__Task goal__
Each line in the material below, starting at the one with "Dore Unisex 3" and ending at the one with "A Passover seder", is to be reproduced exactly; no picture is to be copied.

__Data records__
--------------------------------
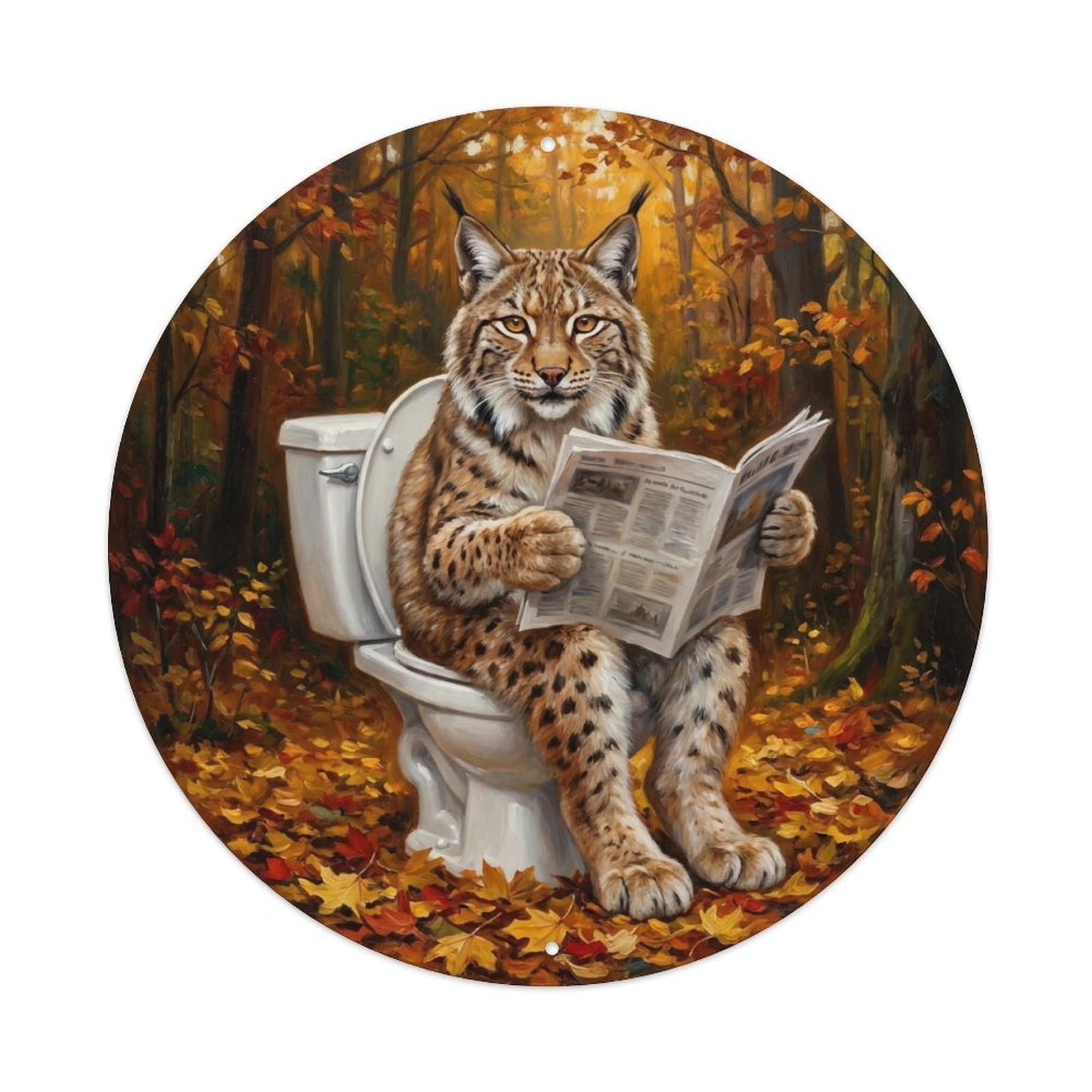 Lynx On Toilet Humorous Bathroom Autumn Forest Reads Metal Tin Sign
--------------------------------
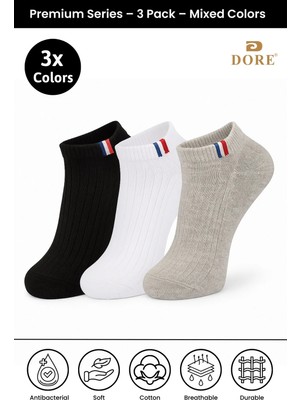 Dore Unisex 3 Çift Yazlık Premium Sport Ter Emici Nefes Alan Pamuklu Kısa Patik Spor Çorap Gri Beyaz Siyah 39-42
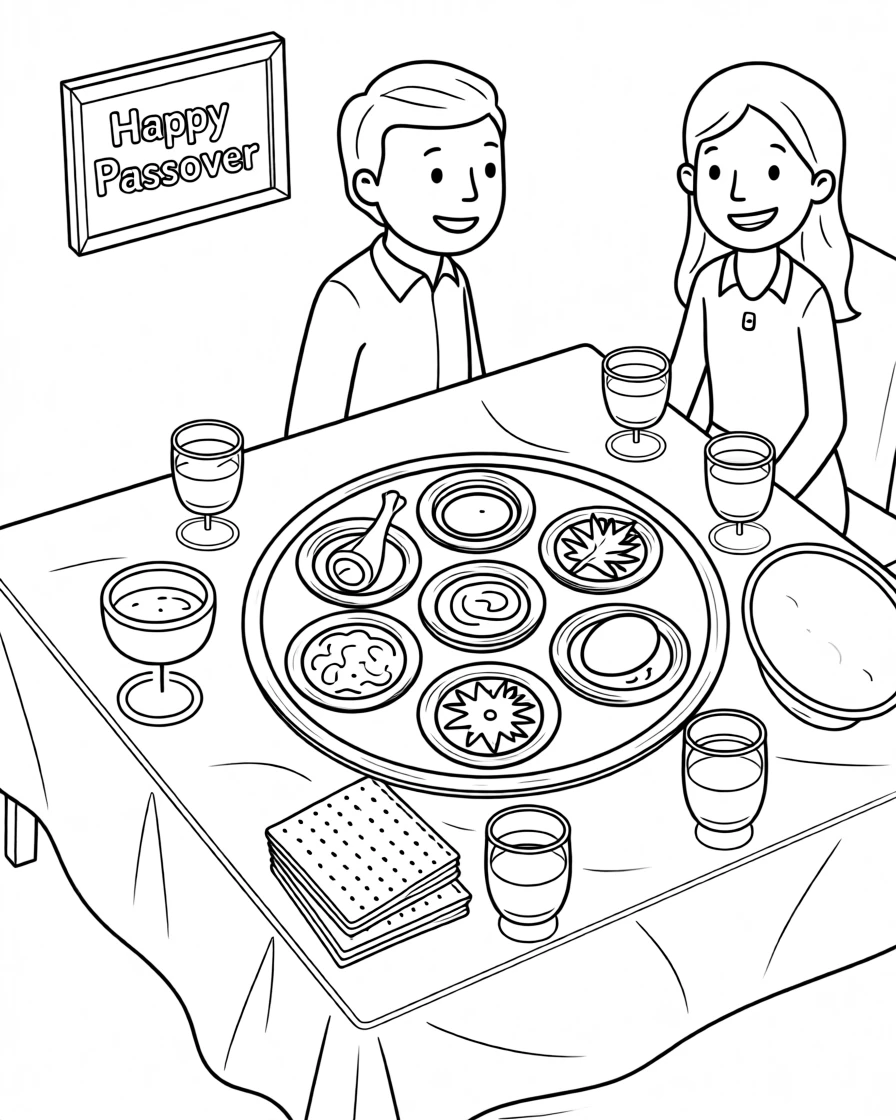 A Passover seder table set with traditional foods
--------------------------------
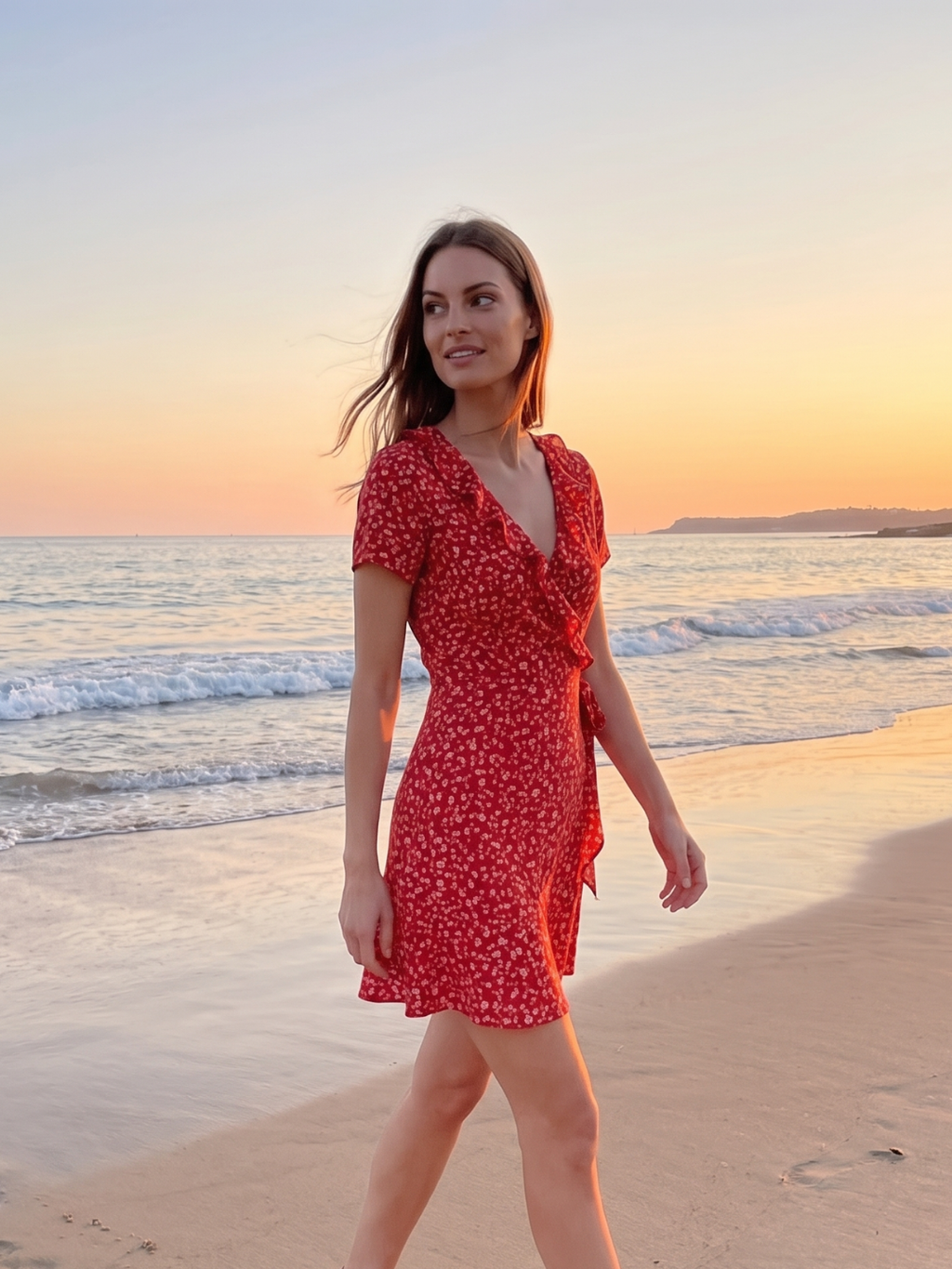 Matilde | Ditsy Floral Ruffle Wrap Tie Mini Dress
--------------------------------
__Result of the exercise__
 Dore Unisex 3 Çift Yazlık Premium Sport Ter Emici Nefes Alan Pamuklu Kısa Patik Spor Çorap Gri Beyaz Siyah 39-42
 A Passover seder table set with traditional foods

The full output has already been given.